◆ Problem statement ◆
Transcribe the entries below word for word, beginning at the line with "Photo of 315" and stopping after the line with "748 Ranch Ridge Lane Florence MT 59833"; drop all pictures.

◆ Data extract ◆
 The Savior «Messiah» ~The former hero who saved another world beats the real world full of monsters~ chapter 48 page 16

--

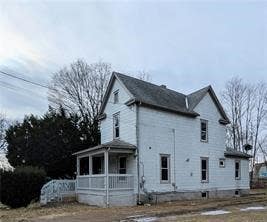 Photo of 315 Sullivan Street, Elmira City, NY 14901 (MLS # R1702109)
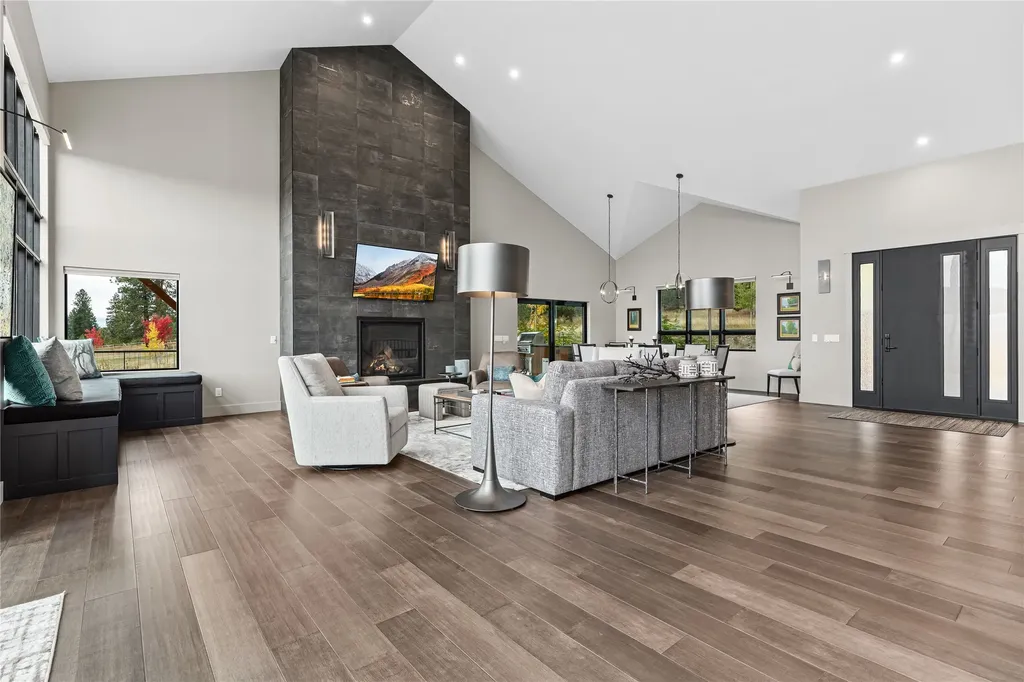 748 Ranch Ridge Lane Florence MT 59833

* * *

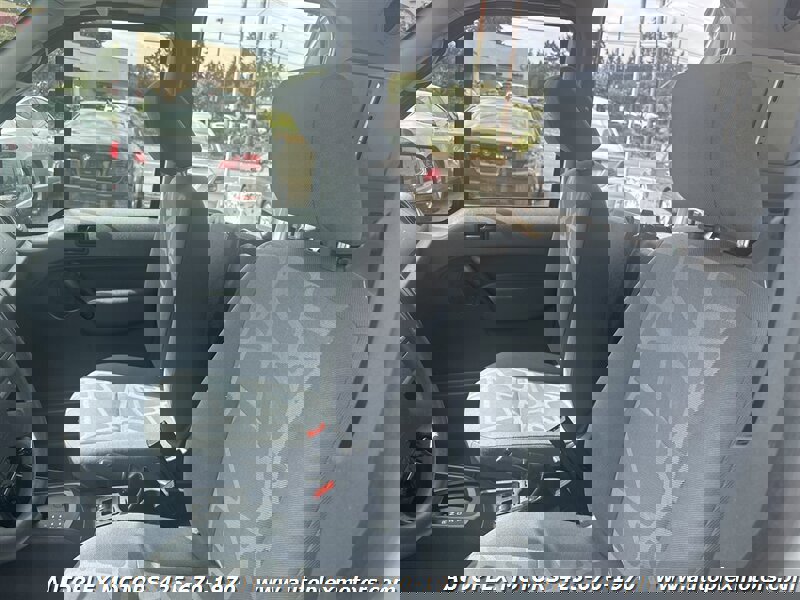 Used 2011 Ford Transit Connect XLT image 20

◆ Answer box ◆
 Photo of 315 Sullivan Street, Elmira City, NY 14901 (MLS # R1702109)
 748 Ranch Ridge Lane Florence MT 59833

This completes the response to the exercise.